MEXICO CITY (Reuters) - Mexican bottling and retail conglomerate FEMSA will offer a total of 3.5 billion euros ($3.7 billion) in common shares and unsecured notes in Dutch beer giant Heineken as it looks to divest from the company, FEMSA said Thursday.
Heineken, as well as an investment vehicle controlled by the Heineken family, are expected to participate in the offering, FEMSA added in a filing to Mexico's main stock exchange.
Heineken has committed to repurchasing around a billion euros worth of its shares, both Heineken and FEMSA said Thursday.
FEMSA, which saw its own share prices rise near 9% around midday Thursday, had announced plans to divest its stake in the world's second-largest brewer the day before.
It has previously reported a 14.8% combined stake in the Heineken Group, in which the Heineken family holds just over 50%. The offer announced Thursday intends to sell off around 6% of FEMSA's stake in the brewing group.

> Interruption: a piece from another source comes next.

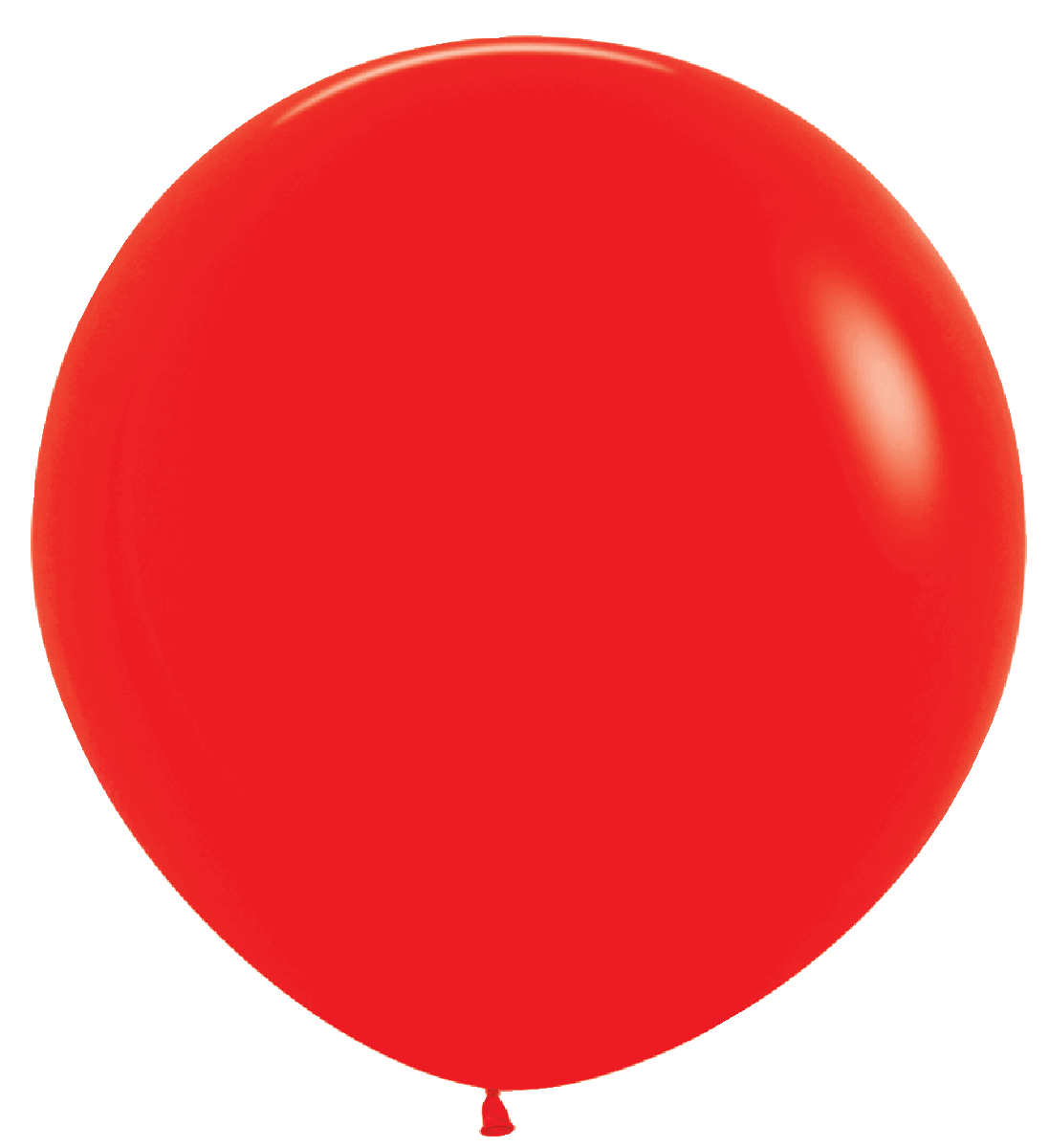 Balloons2Go Balloons Fashion Red / 24 inch (3 Ct) Sempertex Fashion Color Latex Balloons All Sizes Sempertex Fashion Balloons | Bold Color Collection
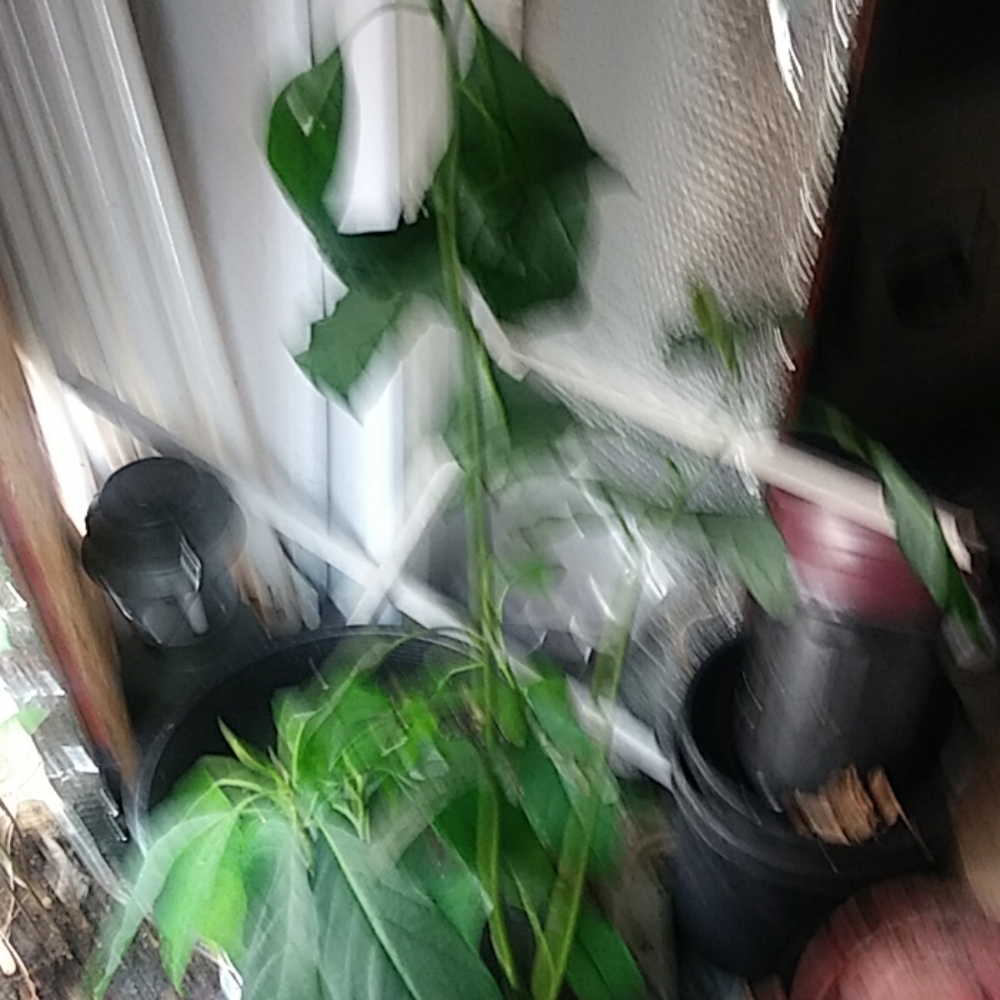 Plants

Analysts at Actinver Research estimated, based on Wednesday's closing prices, that the total divestment - which aims to help cut debt and fuel growth - would fetch FEMSA some $7.7 billion, roughly a quarter of its market value.
The final prices in the share and notes offering will be determined and announced Friday, FEMSA said. The firm will also hold a call Friday to give more detail into the divestment.